Actor Martinez is a 2016 American mockumentary film written and directed by Mike Ott and Nathan Silver and starring Arthur Martinez.

==Premise==
Independent film directors Mike Ott and Nathan Silver are hired by Arthur Martinez, a Denver computer repairman and would-be actor, to make a film starring Arthur as a fictionalized version of himself.

==Cast==
- Arthur Martinez as Arthur
- Lindsay Burdge as Lindsay
- Mike Ott as Mike
- Nathan Silver as Nathan
- Kenneth Berba as Kenneth
- Rae Radka as Rae
- Sarah Sansoni as Casting Call Featured Extra
- Andy Hankins as Extra
- Connor Long as Tech Appointment Featured Extra
- Bobby Black as Bobby
- Sanaz Fatemi as Casting Call Featured Extra
- Cindy Silver as Cindy
- Cory Zacharia as Cory
- Allie Escaffi as Meeting Participant
- Aaron Kenneth Myers as Featured Extra

==Release==
Actor Martinez premiered at the International Film Festival Rotterdam on January 28, 2016. Its North American premiere was held at the Tribeca Film Festival on April 14, 2016. It was released in select theaters on March 10, 2017.

==Reception==
The film has an 82% rating on Rotten Tomatoes based on 17 reviews.

Guy Lodge of Variety gave the film a positive review and wrote, "Narrative and reality clash, tussle, and are eventually rendered indistinguishable in a witty, tortured puzzle picture..."

Ignatiy Vishnevetsky of The A.V. Club graded the film a B−, calling it a "funny, low-key head-scratcher..."

Charles Bramesco of Uproxx gave the film a positive review and wrote, "Actor Martinez is more like a dense work of film criticism that plays like a movie, and an enjoyable one at that."

Frank Scheck of The Hollywood Reporter gave the film a negative review and wrote, "Actor Martinez raises plenty of questions.
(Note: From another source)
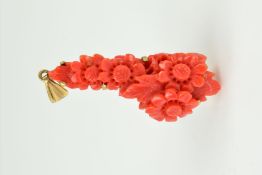 A DYED CARVED CORAL 9CT GOLD PENDANT of elongated outline, the coral carved to depict flowers and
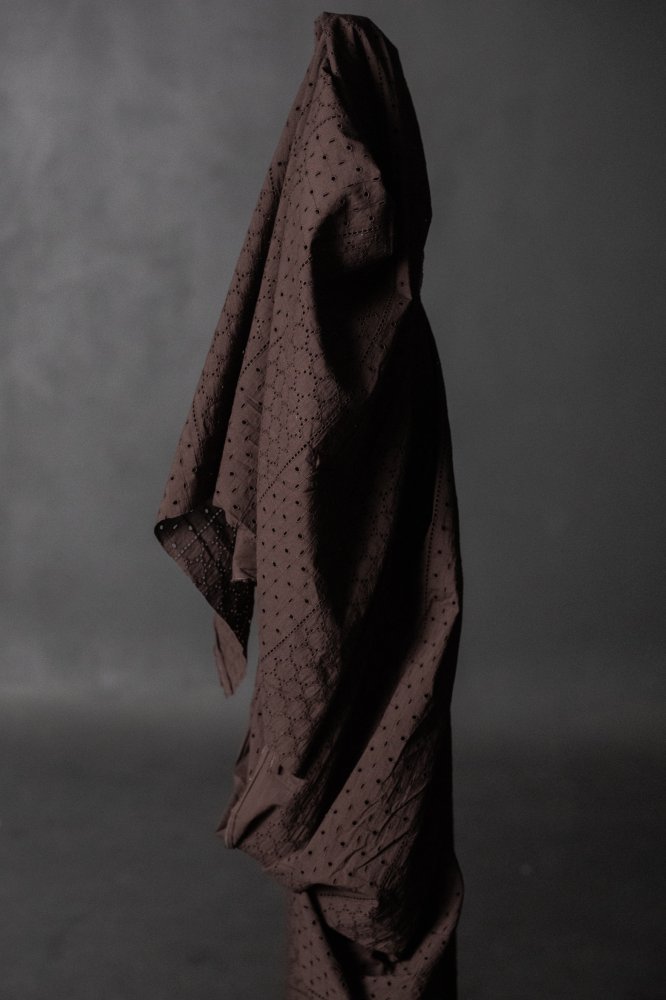 a dark rich purple eyelet embroidered cotton fabric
The problem is that none of them are particularly interesting."

Chuck Bowen of Slant Magazine awarded the film three and a half stars out of four and wrote, "Mike Ott and Nathan Silver's Actor Martinez has a ghostly, tremulous quality that's bound to get under the skin."

Marjorie Baumgarten of The Austin Chronicle awarded the film two stars out of five and wrote, "Everyone involved in Actor Martinez deserves kudos for the effort, but the unengaging result would be better chalked up to a failed experiment rather than shared with others in theatrical settings."

Andy Webster of The New York Times gave the film a positive review and wrote, "The self-references here, while intriguing, approach a comic navel-gaze. "Actor Martinez" has a saving grace, however: Ms. Burdge, radiating her customary charisma."

Kimber Myers of the Los Angeles Times gave the film a positive review and wrote, "Don't let the low-res, low-budget filmmaking fool you. Actor Martinez is an ambitious film that works on a variety of levels."

Jason Bailey of Flavorwire gave the film a positive review and wrote, "Fascinatingly, the film keeps working its way around to the very questions we're asking of it, and bouncing up against its own boundaries in ways that are either reflective or indulgent, or maybe both."